Surprisingly, the polyfill was harder to stuff with than the batting.  The newer elephant ended up plumper than Elvis, and Lee insists I must open Elvis up to stuff him more.

L-R: Elvis, Chunk.  Note I did not fold Elvis' ears over.  This means that you can flop his ears towards his face, which Lee likes doing.  Not an intentional design decision, but one that turned out well.

Add caption

In all, this is a pretty easy pattern to make up.  Most of the work is stuffing the darned thing, and if you don't go gangbusters like I did on Chunk it shouldn't take the better part of an hour to stuff and suture one up.  Cutting and sewing took only an hour and a half, some of the seams are fiddly because the pieces are so small, but this is a satisfying thing to sew up.  I'm impressed with this design - I did not expect their little faces to fill out so cutely!

Sunday, March 31, 2013

Panel print statement shirt

I've been sewing, but not blogging about it.  I'm mixing it up by sewing basics and fun stuff by trying things that I've wanted to sew for a while.  Here is one of them, Burda 03-2006-106, a blouse with knife pleats.  I wondered what the fit would be like, and as I sewed it found myself wishing the peplum were a little more pronounced.  I used a panel print from Fabric Mart (sorry, all gone!) that I bought last year when feeling DVF inspired (who uses an abstract print better than the Furstenburg?) and decided to try it out with this pattern.  About half way through I wasn't so sure I liked the result, as it seemed a little too symmetric for what I was going for, but I think I will still wear this. 
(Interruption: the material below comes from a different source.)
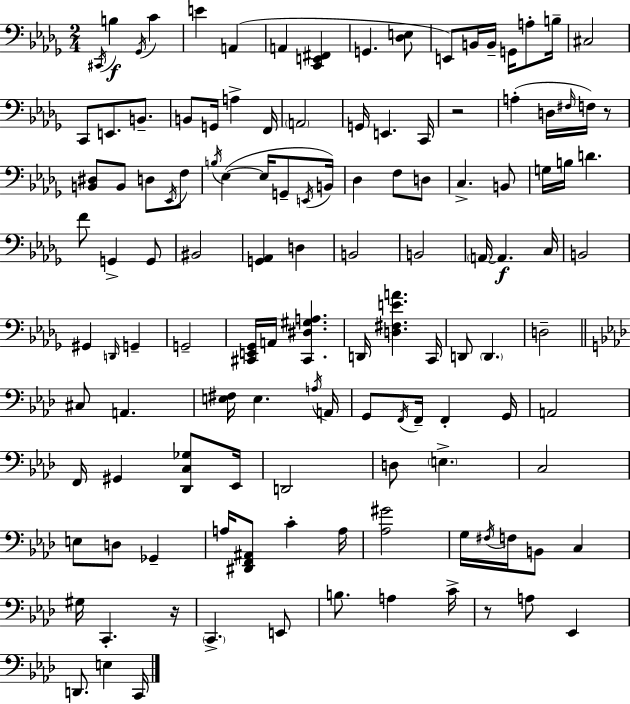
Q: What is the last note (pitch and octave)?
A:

There's a lot happening here.  Pleats!  Front band!  Arm band! Buttons! Abstract print!
Burda 03-2006-106 in an abstract panel print.  The sleeves are just the right size, not too big and not too tight.

A front view, with a new pair of pants.  I sewed up Vogue 1051 again, in doubleknit from Gorgeous Fabrics (again, sold out, and rightly so... it is awesome.)

Side view Burda 03-2006-106 and Vogue 1051.

Back view, not sure what the pulling at the collar is.  There are no crimps in real life.

And, I finally figured out how to keep the hook and eyes in place.  Instead of completely trimming off the right waistband, I kept it so that I could add an internal button.  Very comfortable!
Burda 03-2006-106 line drawing.  I have been puzzling over that front piece (#1) for years!